◆ Exercise brief ◆
Exactly as written, give again the line with "this 1280×853 image." and all subsequent lines through the end of the records.
── Data to process
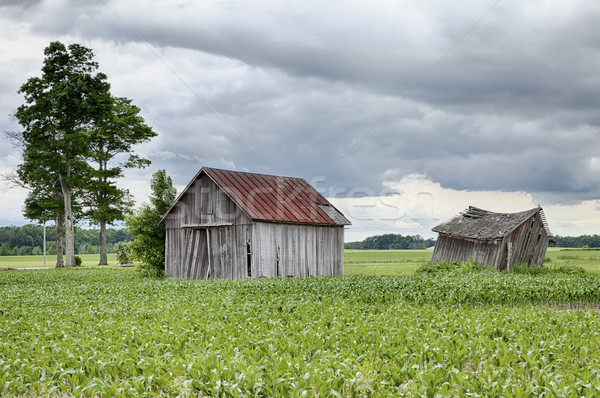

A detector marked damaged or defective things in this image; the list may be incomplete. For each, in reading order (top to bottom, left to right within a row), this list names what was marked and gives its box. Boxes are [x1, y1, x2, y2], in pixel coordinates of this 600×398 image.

rusty tin roof [162, 166, 354, 225]
rusty tin roof [432, 205, 552, 239]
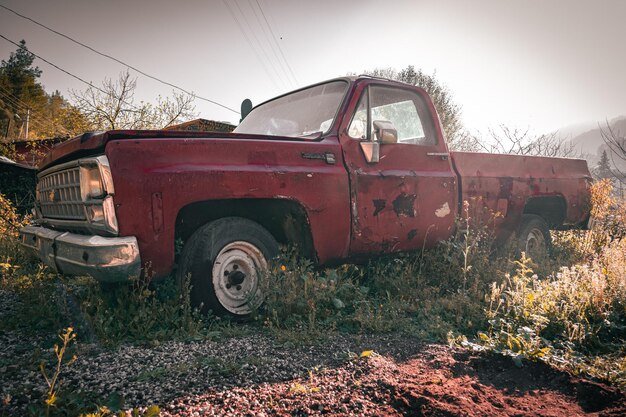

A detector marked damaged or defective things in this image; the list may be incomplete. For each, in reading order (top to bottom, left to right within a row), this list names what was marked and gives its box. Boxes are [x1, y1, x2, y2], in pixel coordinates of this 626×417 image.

rusty red pickup truck [19, 75, 588, 316]
rusted door panel [344, 140, 456, 255]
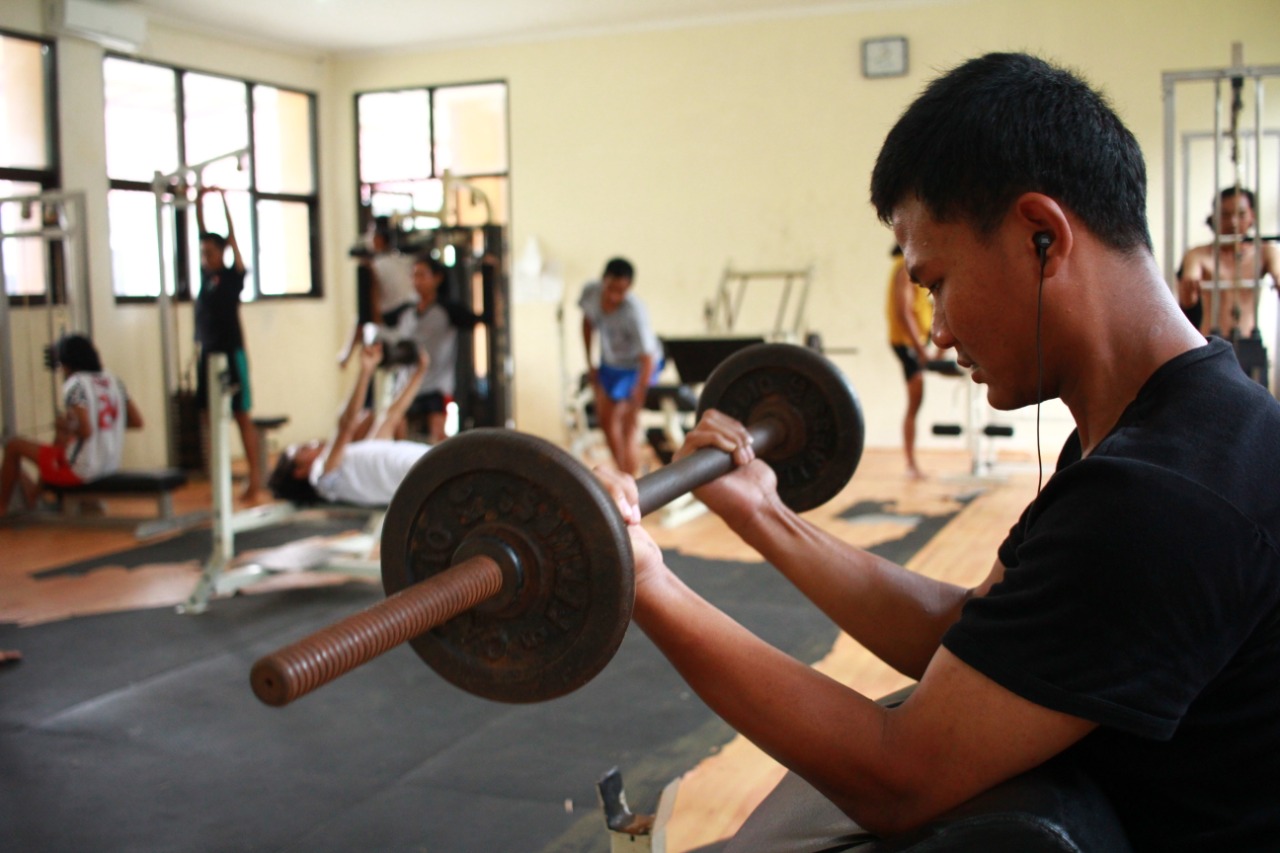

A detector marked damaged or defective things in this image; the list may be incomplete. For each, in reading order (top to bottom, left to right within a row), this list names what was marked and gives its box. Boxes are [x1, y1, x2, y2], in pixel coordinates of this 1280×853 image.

rusty weight plate [696, 340, 865, 512]
rusty weight plate [381, 427, 637, 701]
────
◆ Finished exercise ◆
A detector marked damaged or defective things in this image; the list may be incomplete. For each, in reading order (top to bottom, left to right within a row), this list names what was marked and gives its box. Boxes are [x1, y1, x2, y2], in pixel coordinates of this 1280×853 image.

rusty weight plate [696, 340, 865, 512]
rusty weight plate [381, 427, 637, 701]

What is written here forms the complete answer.